In Agent conversation scenarios, chat records occur in pairs. After a user sends a message, the Agent is expected to respond to that specific message.

This method requires the input of the user's chat content and will create the following in the data model:

  • The user's chat record, with content being the passed-in chat message
  • The Agent's chat record, with content being empty

Developers can obtain the updateBotRecord function from the return value. After collecting the complete Agent chat content, they can call this function to update the Agent's chat records.

Usage Example

The following example will implement the Agent by conversing with a large model and store both the user's message records and the large model's responses in the data model.

import OpenAI from "openai";

const client = new OpenAI();

class MyBot extends BotCore {
sendMessage({ msg }) {
// Create a pair of 'User - Agent' chat records
const { updateBotRecord } = await this.createRecordPair({
userContent: msg,
});

const chatCompletion = await client.chat.completions.create({
messages: [{ role: "user", content: "Say this is a test" }],
model: "gpt-4o",
stream: true,
});

// Create a variable to store the Agent's messages
let content = "";
for await (const chunk of stream) {
const chunkContent = chunk.choices[0]?.delta?.content || "";
// Send an SSE message to the client
this.sseSender.send({ data: { content: chunkContent } });
// Accumulate message fragments into the content variable
content += chunkContent;
}

// End SSE transmission
this.sseSender.end();
// Update Agent chat records
await updateBotRecord({ content });
}
}

getHistoryMessages()

interface GetHistoryMessages {
(option?: { size?: number; removeLastUser?: boolean }): Promise<
Array<{
role: "user" | "assistant";
content: string;
}>
>;
}

Historical messages are obtained from the chat record data model.

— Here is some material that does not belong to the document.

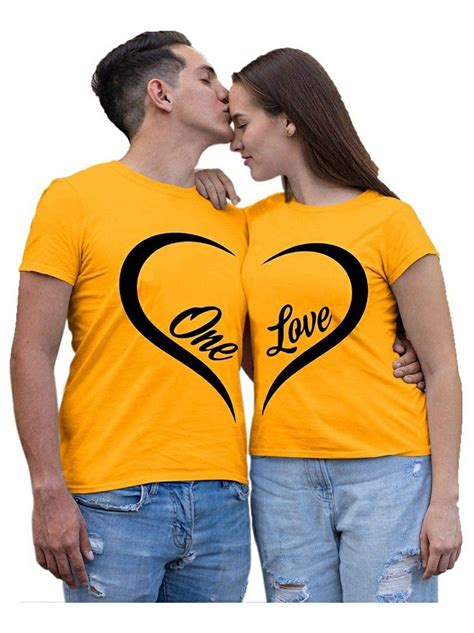 Couple Mens And Womens Cotton Printed T Shirts One Love Heart In 2020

The return value is an array of chat records that has been specially processed to ensure that:

  1. The array starts with the user's chat records.
  2. In the array, user and Agent chat records alternate, forming a question-and-answer pattern.
  3. The array ends with the Agent's chat records (by default).
  4. The content field of each chat record is not empty

Parameters

Input Parameters

ParameterTypeDescription
option.sizenumberThe number of chat records to obtain. This value corresponds to the number of data items retrieved from the chat record data model. Due to filtering applied in this method, the actual number of returned chat records may be less than the specified value.
option.removeLastUserbooleanWhether to ensure that the array ends with the Agent's chat records.

Usage Example

The following example will implement the Agent by conversing with a large model. When initiating a call, it will read the historical messages between the user and the Agent from the data model and pass them together to the large model.

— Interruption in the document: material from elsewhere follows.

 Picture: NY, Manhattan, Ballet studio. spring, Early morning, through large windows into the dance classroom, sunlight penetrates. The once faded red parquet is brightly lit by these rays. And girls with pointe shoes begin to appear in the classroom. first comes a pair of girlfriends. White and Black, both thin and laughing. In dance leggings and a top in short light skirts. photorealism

import OpenAI from "openai";

const client = new OpenAI();

class MyBot extends BotCore {
sendMessage({ msg }) {
// Obtain historical messages
const history = await this.getHistoryMessage();

const chatCompletion = await client.chat.completions.create({
messages: [
...history, // Add historical messages to the request parameters
{ role: "user", content: "Say this is a test" },
],
model: "gpt-4o",
stream: true,
});

for await (const chunk of stream) {
const chunkContent = chunk.choices[0]?.delta?.content || "";
// Send an SSE message to the client
this.sseSender.send({ data: { content: chunkContent } });
}

// End SSE transmission
this.sseSender.end();
}
}

getChatRecords()

Obtain chat records from the data model, which is the default implementation of getChatRecords defined in the IBot interface provided by BotCore.